Si nobleza obliga, realeza... ¡para qué les cuento! Ello no impide que existan aristócratas canallas, violentos y estafadores. En España, hemos tenido algunos ejemplos, incluso recientes. Y si hablamos de príncipes, ¿será necesario recordar aquí a Víctor Manuel de Saboya, triste protagonista, junto a su primo Amadeo de Aosta y Ernesto de Hannover, en la boda de Felipe y Letizia y, más recientemente, encarcelado por las autoridades italianas por rufián y estafador?
Estos días, las monarquías europeas se han sentido conmocionadas al conocer que el príncipe Laurent, oficial de la marina e hijo menor del rey reinante Alberto de los belgas, había sido acusado, por su propio consejero, el coronel Vaessen, de apropiarse, de sustraer, de robar cientos de miles de euros de la Armada en su propio beneficio. «No tiene límites en sus gastos en objetos de lujo», ha declarado el ayudante militar.
Laurent, de 43 años, es el tercer hijo de los soberanos Alberto y Paola (los otros dos son el príncipe heredero Felipe, nacido en 1960 y la princesa Astrid, nacida en 1962). Según publicó en su día la revista francesa VSD, el joven fue fruto de las presuntas relaciones de la entonces bellísima Paola, la princesa venida del sol, con el rico financiero italiano Aldo Vastepone, en una época en la que los Lieja competían en mutuas infidelidades matrimoniales.
APARTADO DEL TRONO
Los escándalos fueron de tal magnitud que obligaron al rey Balduino a intervenir con mano dura apartando a su hermano de la sucesión al trono y designando, in pectore, a su sobrino Felipe como heredero. La muerte repentina de Balduino, ocurrida en Motril en agosto de 1993, le impidió materializar la sucesión, por lo que Alberto, que continuaba en la lista sucesoria inmediatamente detrás de su hermano, exigió ser proclamado rey.
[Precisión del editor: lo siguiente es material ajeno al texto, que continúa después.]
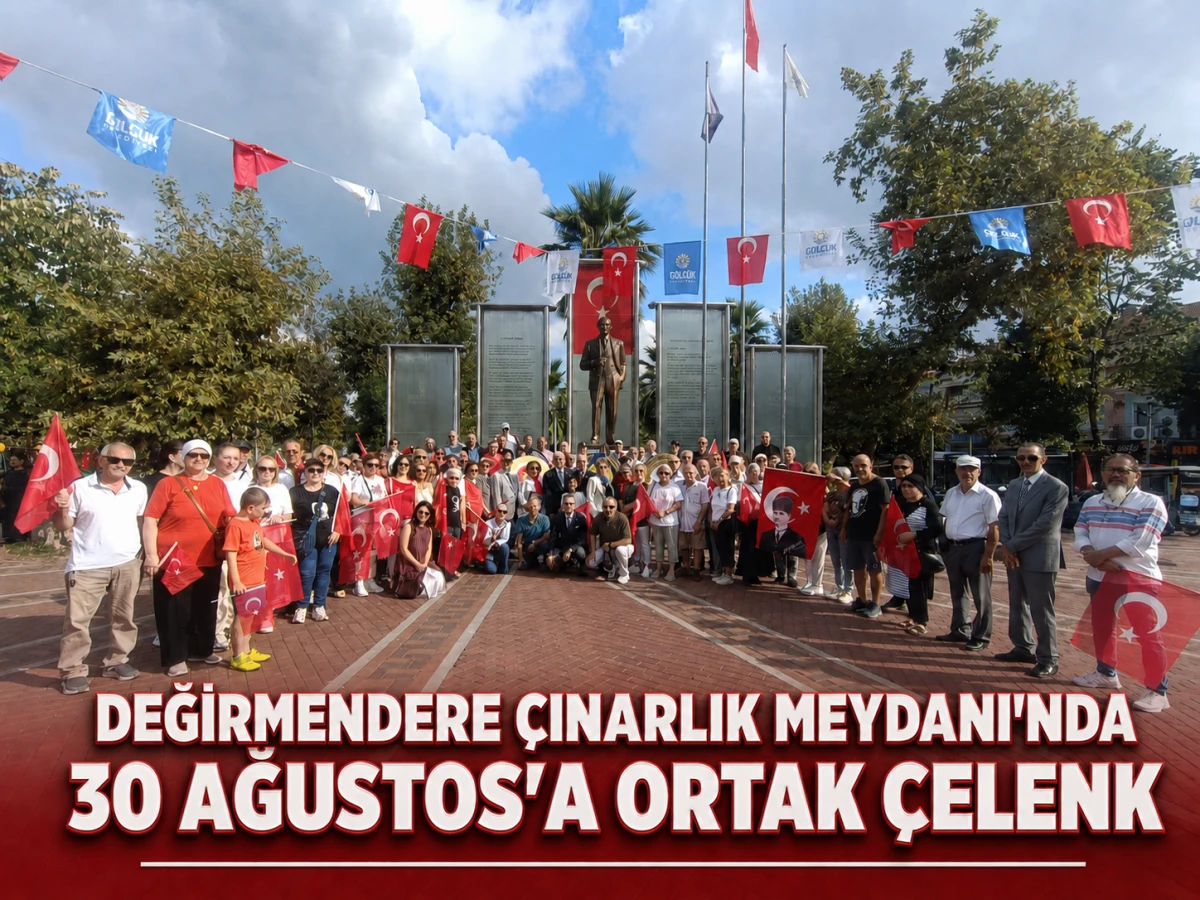 G&ouml;lc&uuml;k&rsquo;te derneklerden 30 Ağustos&rsquo;a ortak &ccedil;elenk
El príncipe Laurent, el patito feo de la familia real, siempre ha dado disgustos y quebraderos de cabeza a su padre, el rey. Primero, casándose con quien quiso, aunque no con quien debía. Segundo, protagonizando pequeñas corruptelas sobre las que el soberano, incluso el Gobierno, preferían no conocer.
Hasta el pasado mes de junio que estalló el escándalo. Laurent intentó negociar con una revista del corazón belga la venta exclusiva de un reportaje sobre sus hijos gemelos Nicolás y Aymeric. Tan necesitado estaba de dinero que estaba dispuesto a aceptar los 15.000 euros que le ofrecían por sacar a sus hijos en las páginas del papel cuché.
Pero, como el Gobierno belga no es como el Gobierno español, tan cortesano y permisivo él con la familia real, el primer ministro Guy Verhofstad se vio obligado a intervenir, advirtiendo al príncipe que, si persistía en la venta de la exclusiva, perdería la asignación de 295.000 euros que, como hijo de rey, recibe anualmente del erario público.
El nuevo escándalo de corrupción, protagonizado por el hijo del soberano, ha obligado al jefe del Ejecutivo a reconocer públicamente que «el príncipe no goza de inmunidad. Ésta sólo existe para el rey, pero no para el resto de la familia real, por lo que tendrá que enfrentarse a las acciones judiciales que su comportamiento exige». Como debe ser. Igualito que en España.
POR ENCIMA DE LA LEY
La gran conmoción de los ciudadanos belgas se produjo estos días festivos cuando oyeron y vieron por televisión al rey Alberto criticar, en el tradicional mensaje navideño, a su hijo Laurent por corrupto en términos muy duros. «Ninguna persona está por encima de la ley y la justicia debe poder hacer su trabajo con toda independencia». Y como recogía la prensa escrita belga: «El rey lo ha dicho muy claro: Laurent tendrá que rembolsar».
No es la primera vez que el veterano soberano aprovecha el tradicional mensaje de Nochebuena para compartir con los ciudadanos, flamencos y valones, sus preocupaciones sociales, incluso las personales. Hace unos años dejó a los belgas con la cena atragantada, cuando oyeron a su rey reconocer, con humildad, que era padre de una hija ilegítima, una hija bastarda, llamada Delphine, nacida de una relación adúltera con la baronesa belga Sybille de Selys Longchamp.
El pasado año, casi por estas fechas, el rey Alberto aprovechó una recepción navideña, a la que asistía toda la clase política belga, para coger valientemente el toro del separatismo por los cuernos y, sin eufemismos ni paños calientes, fustigar abiertamente al nacionalismo expreso o disimulado. Parecía que hablaba de España.
No hay duda, pues, de que Alberto se ha ganado el respeto y la admiración de los belgas que reconocen tener un gran rey que nunca les defraudará porque nunca les engañará.